# Difference between revisions of "2015 AMC 10B Problems/Problem 22"

## Problem

In the figure shown below, $ABCDE$ is a regular pentagon and $AG=1$. What is $FG + JH + CD$? $[asy] pair A=(cos(pi/5)-sin(pi/10),cos(pi/10)+sin(pi/5)), B=(2*cos(pi/5)-sin(pi/10),cos(pi/10)), C=(1,0), D=(0,0), E1=(-sin(pi/10),cos(pi/10)); //(0,0) is a convenient point //E1 to prevent conflict with direction E(ast) pair F=intersectionpoints(D--A,E1--B)[0], G=intersectionpoints(A--C,E1--B)[0], H=intersectionpoints(B--D,A--C)[0], I=intersectionpoints(C--E1,D--B)[0], J=intersectionpoints(E1--C,D--A)[0]; draw(A--B--C--D--E1--A); draw(A--D--B--E1--C--A); draw(F--I--G--J--H--F); label("A",A,N); label("B",B,E); label("C",C,SE); label("D",D,SW); label("E",E1,W); label("F",F,NW); label("G",G,NE); label("H",H,E); label("I",I,S); label("J",J,W); [/asy]$ $\textbf{(A) } 3 \qquad\textbf{(B) } 12-4\sqrt5 \qquad\textbf{(C) } \dfrac{5+2\sqrt5}{3} \qquad\textbf{(D) } 1+\sqrt5 \qquad\textbf{(E) } \dfrac{11+11\sqrt5}{10}$

## Solution

Triangle $AFG$ is isosceles, so $AG=AF=1$. Using the symmetry of pentagon $FGHIJ$, notice that $\triangle IGF \cong \triangle JHG \cong \triangle DIJ \cong AFG$. Therefore, $JH=AF=1$.
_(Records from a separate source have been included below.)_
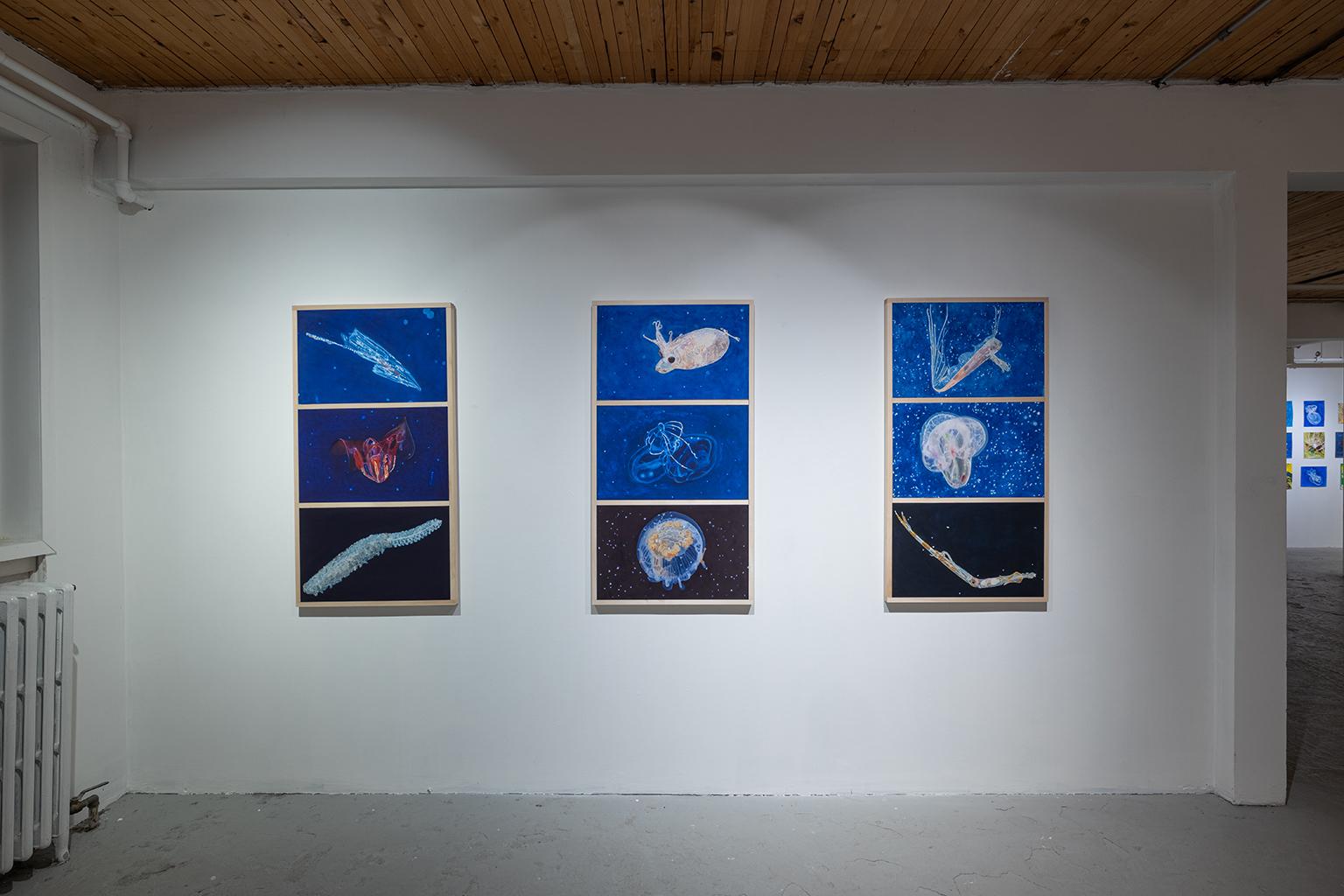 Trittico - Painting di Colleen Wolstenholme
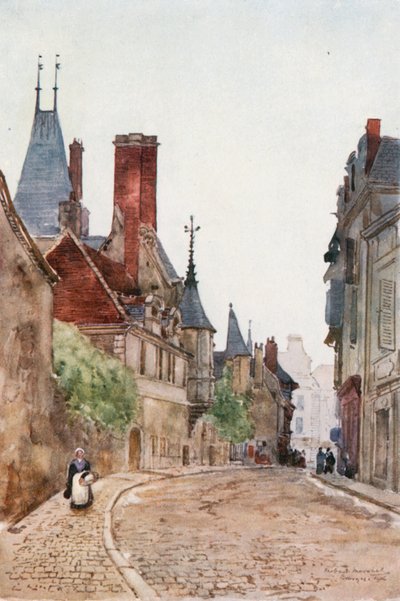 Il Museo Cujas, Bourges da Herbert Menzies Marshall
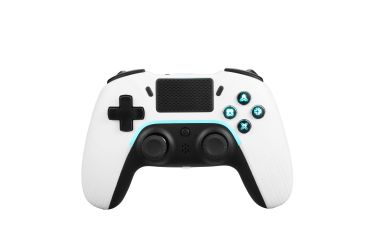 Deltaco wireless controller ps4 gam-139-w white - Deltaco-gam-139-w-7333048057099
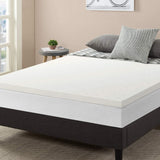 Best Price Mattress 2 Inch Memory Foam Bed Topper with with Lavender Cooling Mattress Pad, Twin Size,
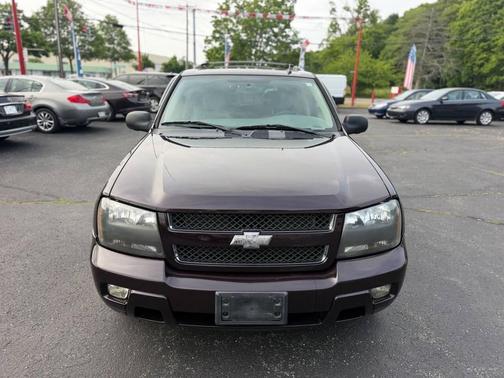 Dark Cherry Metallic 2008 Chevrolet Trailblazer LT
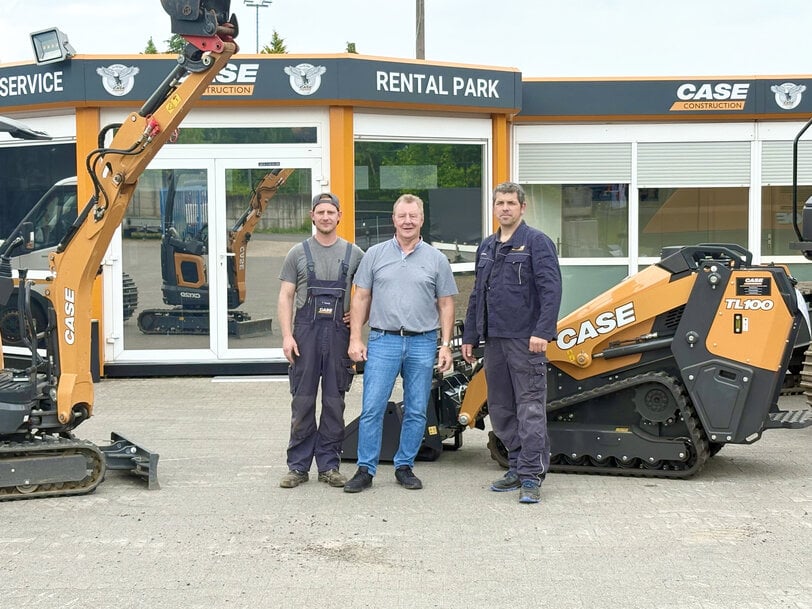 CNH Industrial Sales & Services GmbH Baumaschinen eröffnet Service- und Vertriebsniederlassung in Andernach/ Kruft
Since $\triangle AJH \sim \triangle AFG$, $\frac{JH}{AF+FJ}=\frac{1}{1+FG}=\frac{FG}{FI}=\frac{FG}1$. From this, we get $FG=\frac{\sqrt{5} -1}{2}$.

Since $\triangle DIJ \cong \triangle AFG$, $DJ=DI=AF=1$. Since $\triangle AFG \sim ADC$, $\frac{AF}{AF+FJ+JD}=\frac1{2+FG} = \frac{FG}{CD}=\frac{\frac{\sqrt{5} - 1}{2}}{CD}$. Thus, $CD = (\sqrt{5} - 1) + (\frac{\sqrt{5} - 1}{2})^2 = \frac{\sqrt{5} +1}{2}$

Therefore, $FG+JH+CD=\frac{\sqrt5-1}2+1+\frac{\sqrt5+1}2=\boxed{\mathbf{(D)}\ 1+\sqrt{5}\ }$